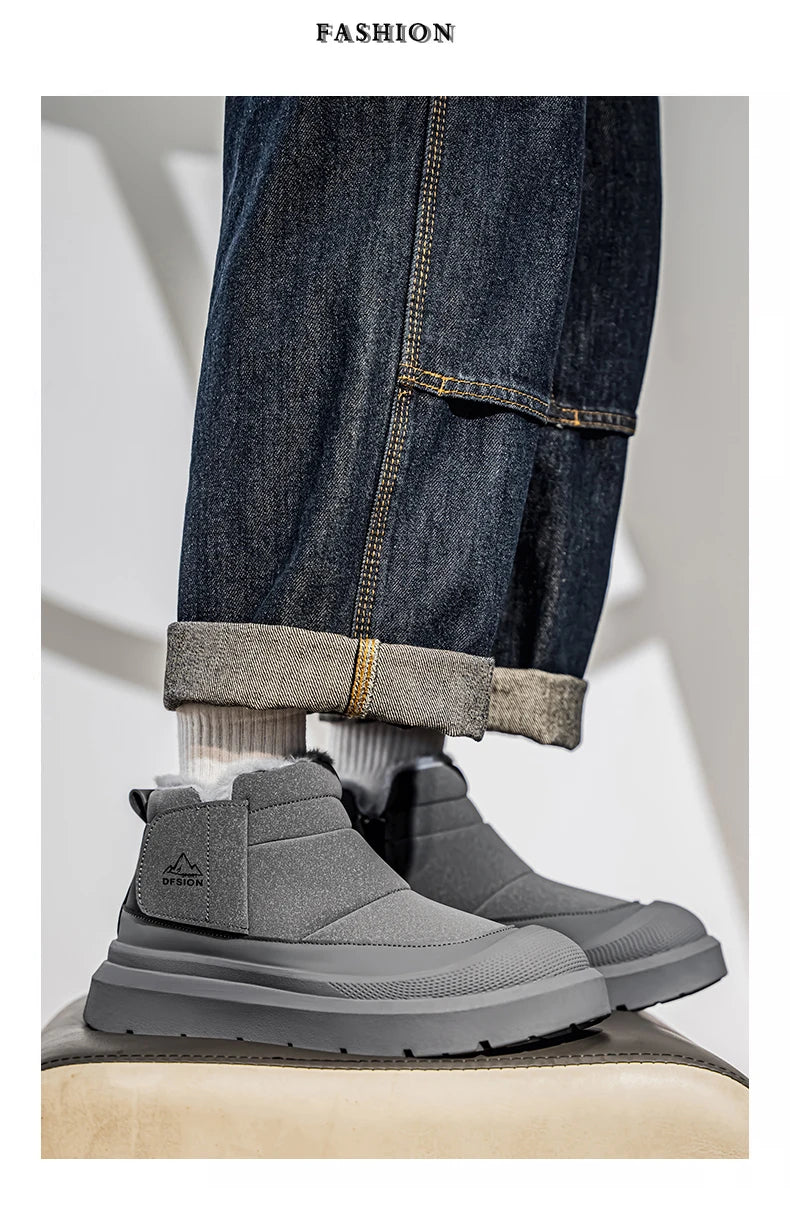 Men's Warm Plush Snow Boots | Cozy Winter Ankle Shoes
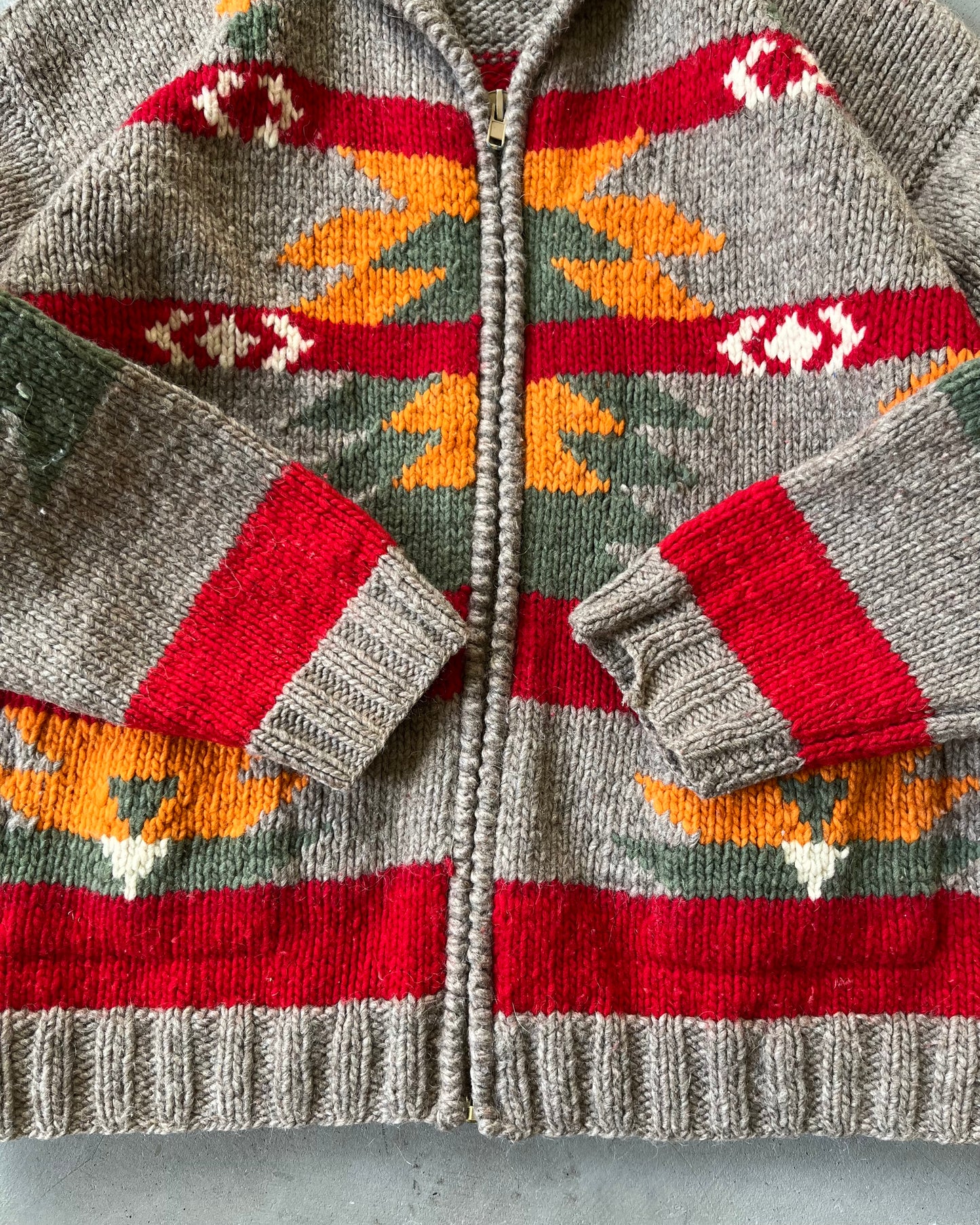 1980s - Brown/Red Navajo Wool Zip Sweater - XL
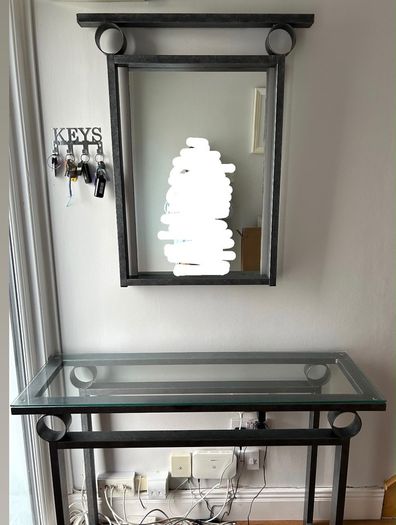 Metal mirror and matching table
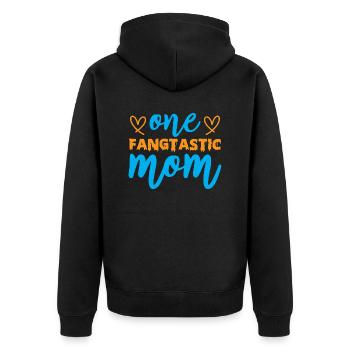 One fangtastic mom - Halloween-Humor - Unisex Premium Bio Zip Hoodie - Schwarz - Hinten - Nico (187cm)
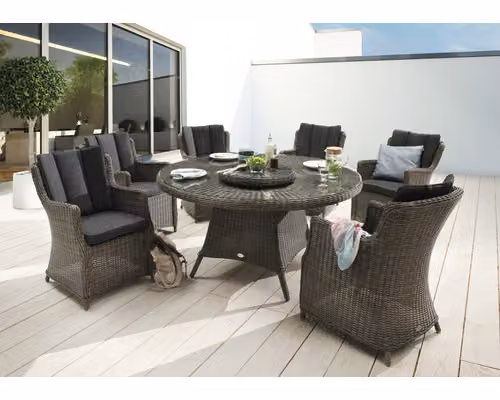 Gruppo di sedute Destiny LUNA 6 poltrone + tavolo Ø150x75cm + giradischi, grigio vintage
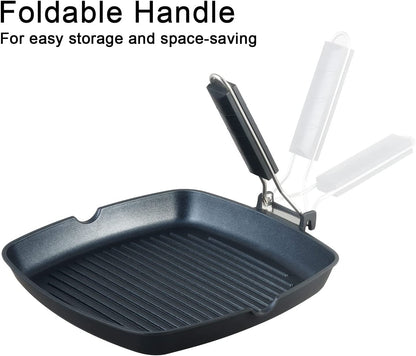 Grill Pan with Folding Handle, Nonstick Grill Pan for Stove Tops, Induction Compatible KBBQ Grill Pan with Pour Spouts, Indoor Square BBQ Grilling Pan… (11 In)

PROBLEM TO WORK ON |
Write out exactly the lines that run from the one containing "Metal mirror and matching table" to the last line of the entries above, both ends kept, pictures left out.

WRITTEN RESPONSE |
 Metal mirror and matching table
 One fangtastic mom - Halloween-Humor - Unisex Premium Bio Zip Hoodie - Schwarz - Hinten - Nico (187cm)
 Gruppo di sedute Destiny LUNA 6 poltrone + tavolo Ø150x75cm + giradischi, grigio vintage
 Grill Pan with Folding Handle, Nonstick Grill Pan for Stove Tops, Induction Compatible KBBQ Grill Pan with Pour Spouts, Indoor Square BBQ Grilling Pan… (11 In)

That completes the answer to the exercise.